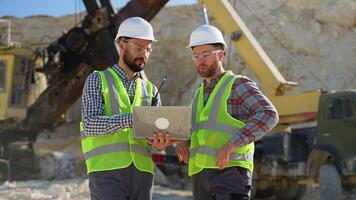 Team Engineers in hardhat and uniform use laptop to plan the work of a quarry video
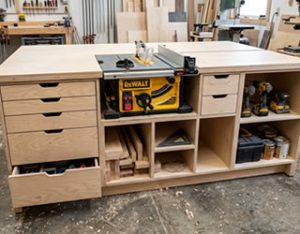 Workbench with drawers and a built-in table saw
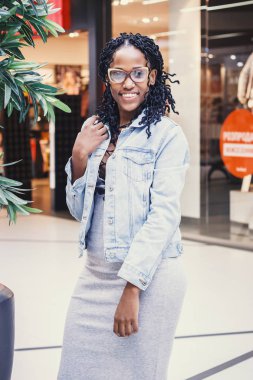 Genç esmer kadın alışveriş merkezinde rahat kıyafetler giymiş, arka plan bulanık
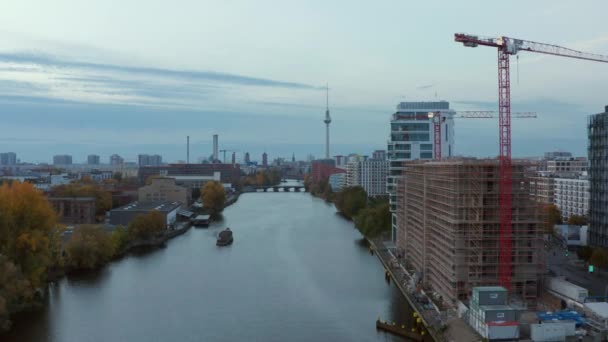 Río Spree con el paisaje de la ciudad de Berlín y el sitio de construcción en la orilla del río, plano de muñeca delantera de gran angular aéreo — Vídeos de Stock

**WHAT THIS TASK INVOLVES:**
Your output should be the lines from the one with "Workbench with drawers" through the end of the listing, copied exactly and with the pictures left out.

**ANSWER FOR THIS EXERCISE:**
 Workbench with drawers and a built-in table saw
 Genç esmer kadın alışveriş merkezinde rahat kıyafetler giymiş, arka plan bulanık
 Río Spree con el paisaje de la ciudad de Berlín y el sitio de construcción en la orilla del río, plano de muñeca delantera de gran angular aéreo — Vídeos de Stock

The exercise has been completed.